The World in 1492

by Marvin Lunenfeld

 

1 Marvin Lunenfeld, in 1492: Discovery, Invasion, Encounter (Lexington, Massachusetts, 1991)

Though I anticipated much of Lunenfeld’s approach to explaining The World in 1492, in some ways, it was rather interesting. Most obvious were his elaborate attempts to extol the myriad achievements of non-European civilizations, while simultaneously depicting the Europeans as hapless dolts who literally stumbled across every technological advance they encountered. Step aside diffusionists, for this is revisionism at its best!

Most interesting was his illustration of the importance of wheat, rice and corn as agricultural staples, explaining that such things as the differences in their respective rate of depletion of soil nutrients, need for irrigation, yield per acre, and labor intensiveness, had much to do with the formation and success of sedentary societies: rice played a huge part in the kingdom of China, just as it plays a significant role in the People’s Republic of China today (those citizens of Hong Kong and Macao are indeed most fortunate to have been absorbed by their comrades on the mainland – no recall elections to worry about in that part of the Old World).


 

 Corn was and still is the staple upon which many descendants of aboriginal Americans depend for sustenance – today it is subsidized by the federal government of our neighbor to the South, Mexico, to ensure that its poor may survive to toil another day - those who have not yet found their way northward, to the land of licenses and economic opportunity.

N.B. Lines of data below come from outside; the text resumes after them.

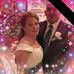 Joann Ragosta Benjamin - Facebook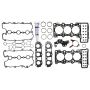 MAHLE HS54832 Engine Cylinder Head Gasket Set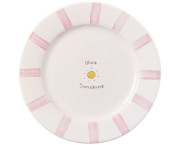 stripe_sunshine_plate_pink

Wheat was and still is the grain to be milled into flour for bread, the white stones the Chinese observed being ingested by the Portuguese when they landed at Macao. Of all three grains mentioned, wheat was the one that required the highest ratio of labor-to-yield, and carried the greatest risk of crop failure: it would only follow, then, that the Europeans and their equally daft progeny would cling to their seeds of wheat forevermore. Today, the United States is the world’s largest exporter of wheat and has the smallest number of farmers per capita of any nation in the world, Old or New.

Less surprising was Lunenfeld’s account of the state of marine navigation in 1492. That the Arabs had acquired navigational instruments before the Europeans is noteworthy, but it must be remembered that their use of such instruments was wholly dependent upon their knowledge of geometrical astronomy, the brainchild of those great western (and – Perish the thought! – very much European) thinkers, the Greeks.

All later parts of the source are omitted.